Opinión
Presidente Petro en cadena nacional: sin gobierno y en confrontación permanente
Las intervenciones del presidente Gustavo Petro, transmitidas en horario triple A, han perdido el rigor técnico.
Durante décadas, las alocuciones presidenciales en Colombia estuvieron reservadas para momentos de verdadera trascendencia nacional: emergencias, decisiones de alto nivel o rendiciones de cuentas al país. Eran espacios solemnes, donde el jefe de Estado, con responsabilidad y mesura, se dirigía a la ciudadanía para informar sobre asuntos de interés general.
Las intervenciones del presidente Gustavo Petro, transmitidas en horario triple A, han perdido el rigor técnico, la sobriedad institucional y el carácter informativo que deberían tener. No se trata solo de una cuestión de forma, sino de fondo: el presidente ha utilizado de forma reiterada el espectro electromagnético —reconocido como bien público estratégico por la Ley 1341 de 2009— para tratar de imponer su narrativa ideológica. Esto ha generado un creciente malestar entre los televidentes, que esperan ese horario para disfrutar de sus programas habituales y, en su lugar, se ven expuestos a mensajes cargados de populismo y señalamientos.
Lejos de ofrecer mensajes de aliento o dirección, el presidente recurre a intervenciones saturadas de referencias filosóficas forzadas, lecciones de historia reinterpretadas a su conveniencia y metáforas abstractas que, en lugar de aportar profundidad, se alejan de la realidad concreta del país. Da la impresión de que, para él, la historia de Colombia —e incluso la del mundo— comienza con su mandato, desplazando los referentes institucionales. Esta narrativa desconectada no solo profundiza la confusión, sino que agrava aún más la ya deteriorada imagen de su gobierno.

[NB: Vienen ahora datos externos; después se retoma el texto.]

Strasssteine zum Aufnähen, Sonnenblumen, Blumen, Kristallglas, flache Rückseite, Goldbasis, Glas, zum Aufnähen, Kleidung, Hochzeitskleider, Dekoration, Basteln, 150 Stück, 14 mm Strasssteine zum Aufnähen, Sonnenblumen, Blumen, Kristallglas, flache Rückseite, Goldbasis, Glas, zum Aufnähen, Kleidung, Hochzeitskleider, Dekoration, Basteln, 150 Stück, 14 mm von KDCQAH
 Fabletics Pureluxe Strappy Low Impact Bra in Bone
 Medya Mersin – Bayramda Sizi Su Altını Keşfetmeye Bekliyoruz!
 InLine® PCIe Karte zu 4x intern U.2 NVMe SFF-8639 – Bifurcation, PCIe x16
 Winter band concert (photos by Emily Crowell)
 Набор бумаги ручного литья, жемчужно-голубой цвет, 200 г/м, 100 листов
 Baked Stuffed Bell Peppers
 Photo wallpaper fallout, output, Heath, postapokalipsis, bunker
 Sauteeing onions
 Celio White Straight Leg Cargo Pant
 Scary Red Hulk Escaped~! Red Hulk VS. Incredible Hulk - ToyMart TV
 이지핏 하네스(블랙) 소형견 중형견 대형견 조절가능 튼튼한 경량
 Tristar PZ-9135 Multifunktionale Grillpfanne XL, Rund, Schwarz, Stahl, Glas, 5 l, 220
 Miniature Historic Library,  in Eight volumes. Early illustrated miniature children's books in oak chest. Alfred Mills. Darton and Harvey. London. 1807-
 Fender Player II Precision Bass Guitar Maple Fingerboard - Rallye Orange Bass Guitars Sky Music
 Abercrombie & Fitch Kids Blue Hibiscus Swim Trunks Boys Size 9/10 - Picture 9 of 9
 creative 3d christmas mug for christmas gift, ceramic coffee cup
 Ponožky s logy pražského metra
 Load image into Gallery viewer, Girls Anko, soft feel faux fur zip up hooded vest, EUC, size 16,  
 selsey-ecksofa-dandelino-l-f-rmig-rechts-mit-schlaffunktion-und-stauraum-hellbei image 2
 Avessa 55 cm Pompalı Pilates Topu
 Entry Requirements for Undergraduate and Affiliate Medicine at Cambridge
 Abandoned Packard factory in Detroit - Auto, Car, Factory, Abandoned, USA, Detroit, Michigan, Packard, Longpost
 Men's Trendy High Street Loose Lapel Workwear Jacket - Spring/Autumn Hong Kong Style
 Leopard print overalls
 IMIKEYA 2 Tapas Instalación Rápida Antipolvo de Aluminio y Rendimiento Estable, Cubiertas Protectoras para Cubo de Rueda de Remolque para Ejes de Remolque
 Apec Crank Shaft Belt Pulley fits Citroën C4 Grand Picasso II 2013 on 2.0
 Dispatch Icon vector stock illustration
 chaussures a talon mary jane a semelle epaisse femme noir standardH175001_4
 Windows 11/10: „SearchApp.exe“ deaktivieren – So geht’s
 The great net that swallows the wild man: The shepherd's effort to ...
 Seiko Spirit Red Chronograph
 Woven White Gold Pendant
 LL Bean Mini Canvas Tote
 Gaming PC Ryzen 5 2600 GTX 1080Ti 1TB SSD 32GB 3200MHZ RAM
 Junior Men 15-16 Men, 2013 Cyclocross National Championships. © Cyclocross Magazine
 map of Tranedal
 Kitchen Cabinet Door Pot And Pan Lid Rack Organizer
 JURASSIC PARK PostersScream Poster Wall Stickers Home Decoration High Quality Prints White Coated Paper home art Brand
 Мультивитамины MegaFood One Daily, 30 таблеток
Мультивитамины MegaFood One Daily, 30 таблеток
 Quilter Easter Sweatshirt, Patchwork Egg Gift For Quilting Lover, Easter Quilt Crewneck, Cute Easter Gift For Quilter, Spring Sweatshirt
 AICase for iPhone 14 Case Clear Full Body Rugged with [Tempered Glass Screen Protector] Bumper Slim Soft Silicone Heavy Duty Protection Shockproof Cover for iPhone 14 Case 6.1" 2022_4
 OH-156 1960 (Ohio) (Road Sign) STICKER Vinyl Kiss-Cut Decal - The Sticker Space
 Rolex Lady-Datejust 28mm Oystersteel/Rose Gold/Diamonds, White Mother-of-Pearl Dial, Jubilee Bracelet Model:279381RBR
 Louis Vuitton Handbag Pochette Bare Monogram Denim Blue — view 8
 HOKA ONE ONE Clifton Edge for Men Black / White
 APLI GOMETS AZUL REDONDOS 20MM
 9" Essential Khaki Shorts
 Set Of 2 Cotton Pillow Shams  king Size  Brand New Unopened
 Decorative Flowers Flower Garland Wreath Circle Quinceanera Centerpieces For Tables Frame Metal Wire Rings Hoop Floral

En lugar de inspirar esperanza, sus intervenciones proyectan un tono sombrío, marcado por el resentimiento y la amenaza. Más que un jefe de Estado convocando a la unidad y a la acción colectiva, se percibe a un actor en permanente confrontación: con su equipo, con los medios, con las instituciones e, incluso, con la ciudadanía. Esa narrativa negativa, sin propuestas concretas ni un horizonte viable, refuerza la percepción de un liderazgo ensimismado y desconectado.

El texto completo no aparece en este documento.